**Task requirements**
For this exercise, transcribe all the entries exactly as given and omit the images.

------------

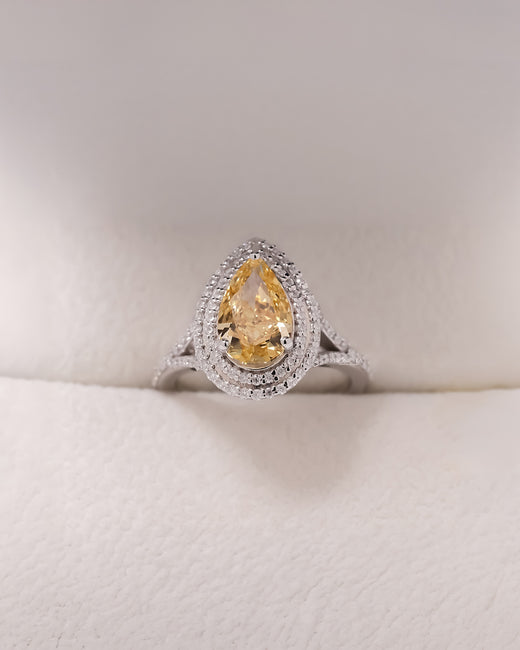 Solara yellow pear lab grown diamond halo ring in white metal inside Ronora box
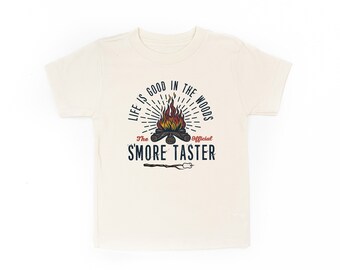 Op de afbeelding: Een beige t-shirt met een kampvuur-afbeelding en de tekst "Life is good in the woods. The Official 'S'more Taster."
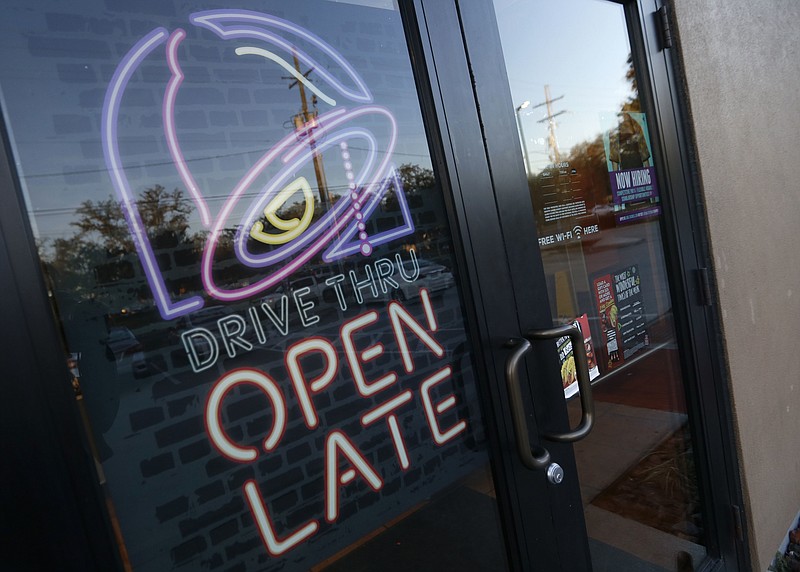 
              This Thursday, Dec. 15, 2016, photo shows a Taco Bell in Metairie, La. Yum Brands, Inc. reports financial earnings Thursday, Feb. 9, 2017. (AP Photo/Gerald Herbert)
            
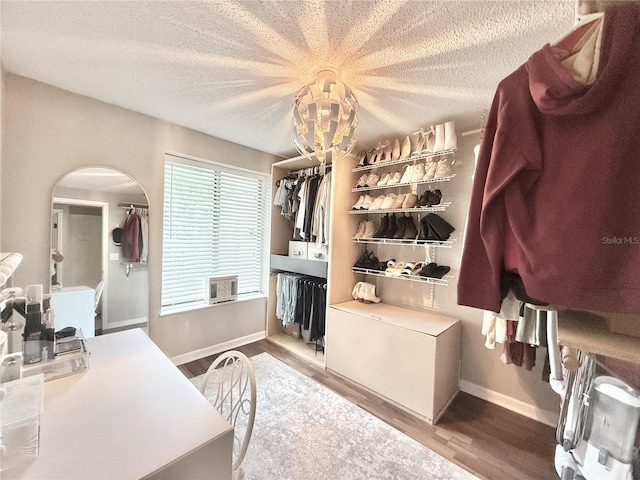 630 Timber Bay Cir W, Oldsmar, FL 34677 - walk in closet featuring arched walkways and wood finished floors
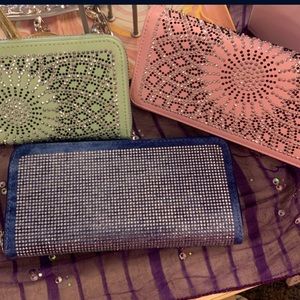 3brand new rhinestone wallets 2 are zip double sided and 1 is flip top wristlet
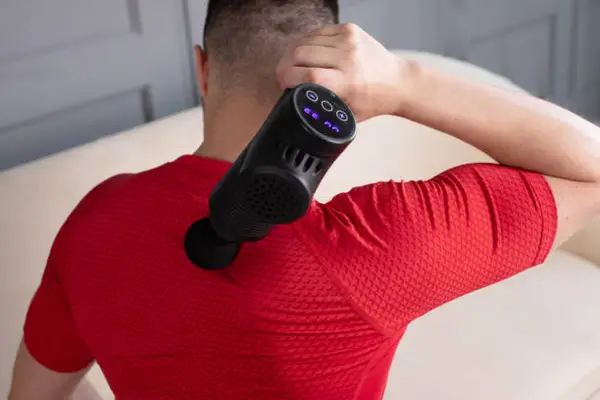 massage gun on neck pain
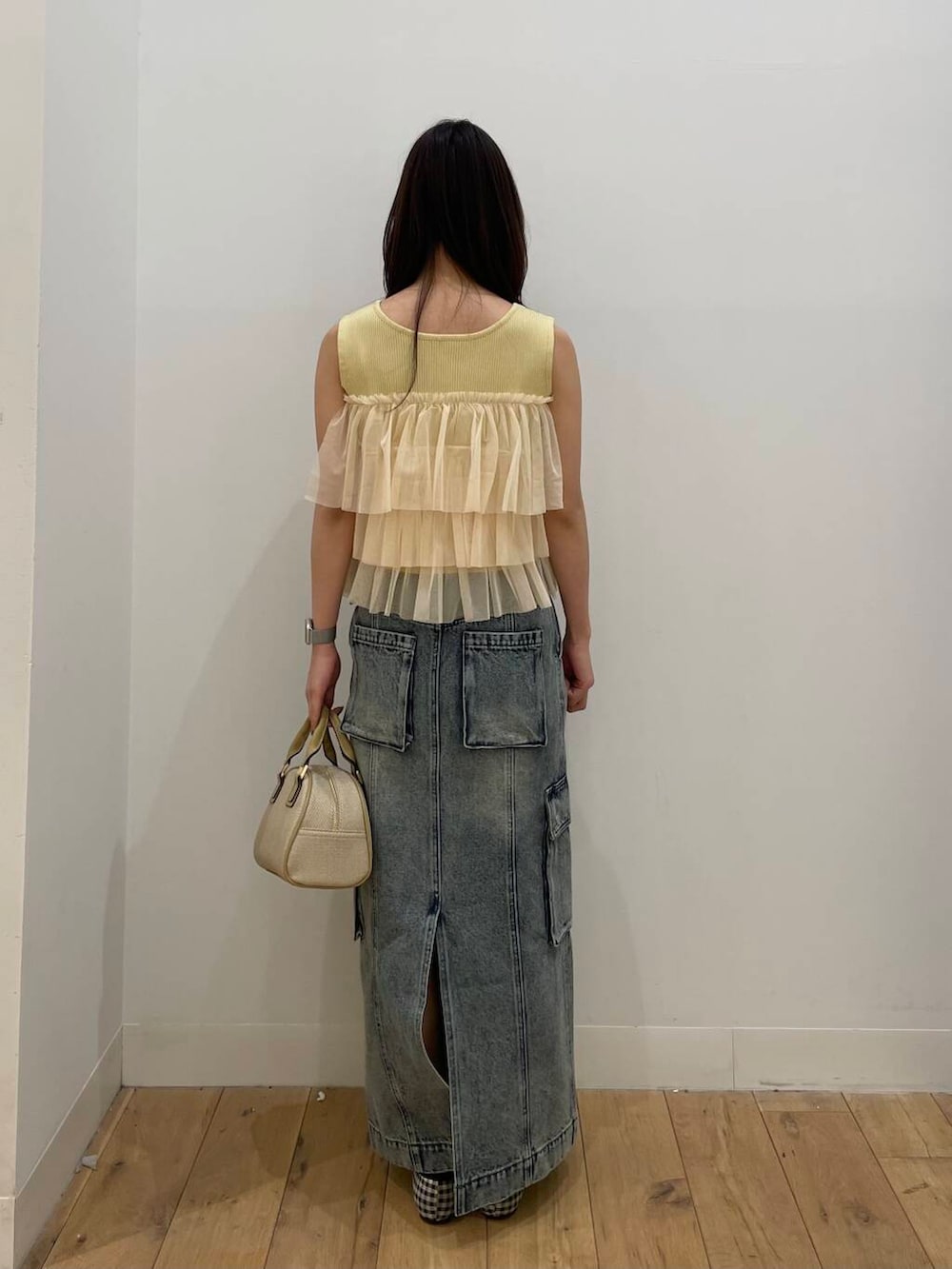 ベージュ系のボストンバッグ、ブルー系のスカート、イエロー系のニット/セーターを着用したレディースの春コーディネートの3枚目の写真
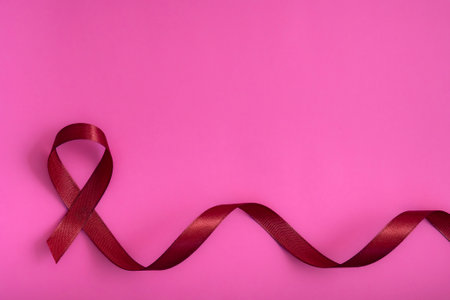 Red ribbon on a pink delicate background, top view with space for text. Campaign to help people facing cancer.の写真素材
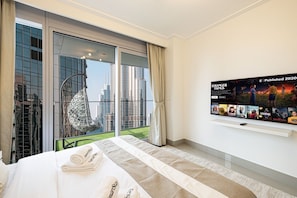 A hotel room with a large bed, a television mounted on the wall, and a view of the cityscape through the window.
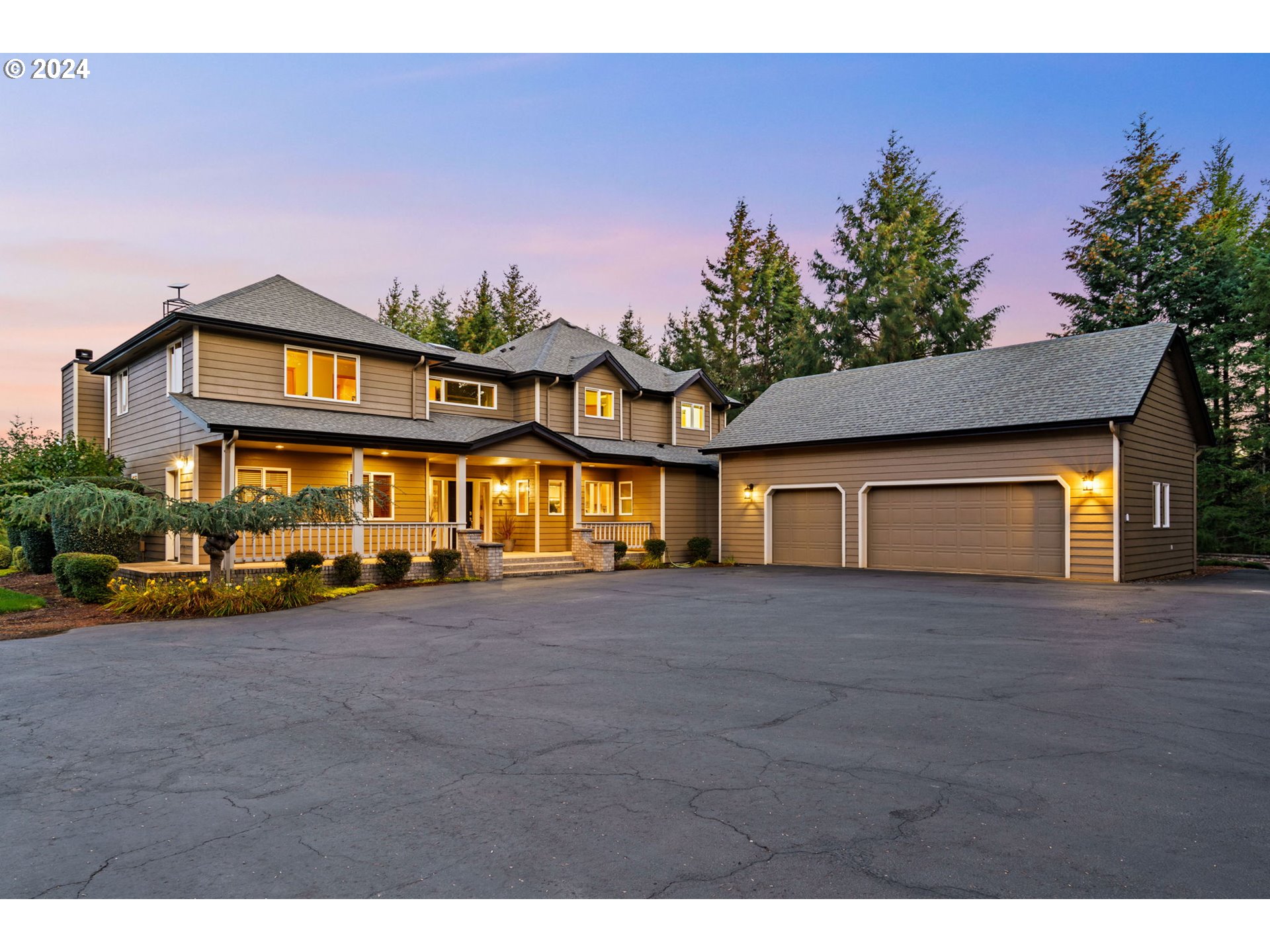 25241 Hall Road Cheshire, OR 97419 - Photo 1 of 48 a front view of a house with a yard and garage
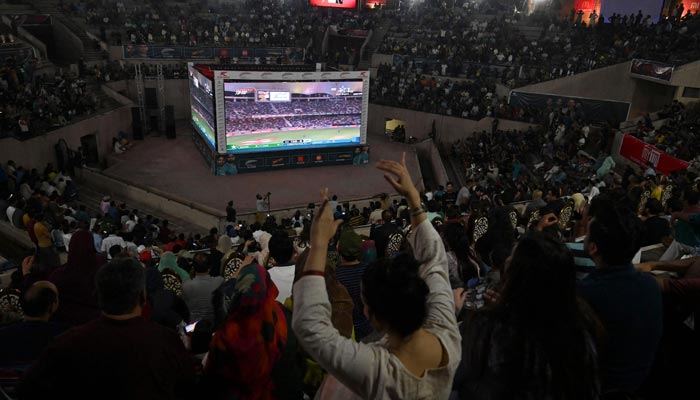 Cricket fans watch the live telecast of the Asia Cup Twenty20 international cricket match between India and Pakistan in Dubai, on big screens in Lahore on August 28, 2022. — AFP/File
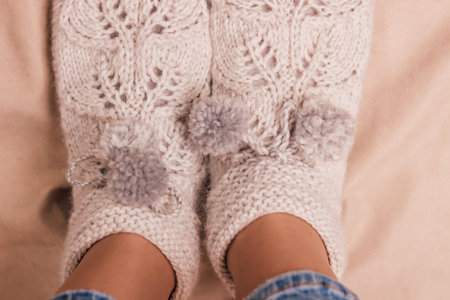 Handmade knitted socks on the legs. High quality photo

------------

**Output for this exercise**
 Solara yellow pear lab grown diamond halo ring in white metal inside Ronora box
 Op de afbeelding: Een beige t-shirt met een kampvuur-afbeelding en de tekst "Life is good in the woods. The Official 'S'more Taster."
              This Thursday, Dec. 15, 2016, photo shows a Taco Bell in Metairie, La. Yum Brands, Inc. reports financial earnings Thursday, Feb. 9, 2017. (AP Photo/Gerald Herbert)
            
 630 Timber Bay Cir W, Oldsmar, FL 34677 - walk in closet featuring arched walkways and wood finished floors
 3brand new rhinestone wallets 2 are zip double sided and 1 is flip top wristlet
 massage gun on neck pain
 ベージュ系のボストンバッグ、ブルー系のスカート、イエロー系のニット/セーターを着用したレディースの春コーディネートの3枚目の写真
 Red ribbon on a pink delicate background, top view with space for text. Campaign to help people facing cancer.の写真素材
 A hotel room with a large bed, a television mounted on the wall, and a view of the cityscape through the window.
 25241 Hall Road Cheshire, OR 97419 - Photo 1 of 48 a front view of a house with a yard and garage
 Cricket fans watch the live telecast of the Asia Cup Twenty20 international cricket match between India and Pakistan in Dubai, on big screens in Lahore on August 28, 2022. — AFP/File
 Handmade knitted socks on the legs. High quality photo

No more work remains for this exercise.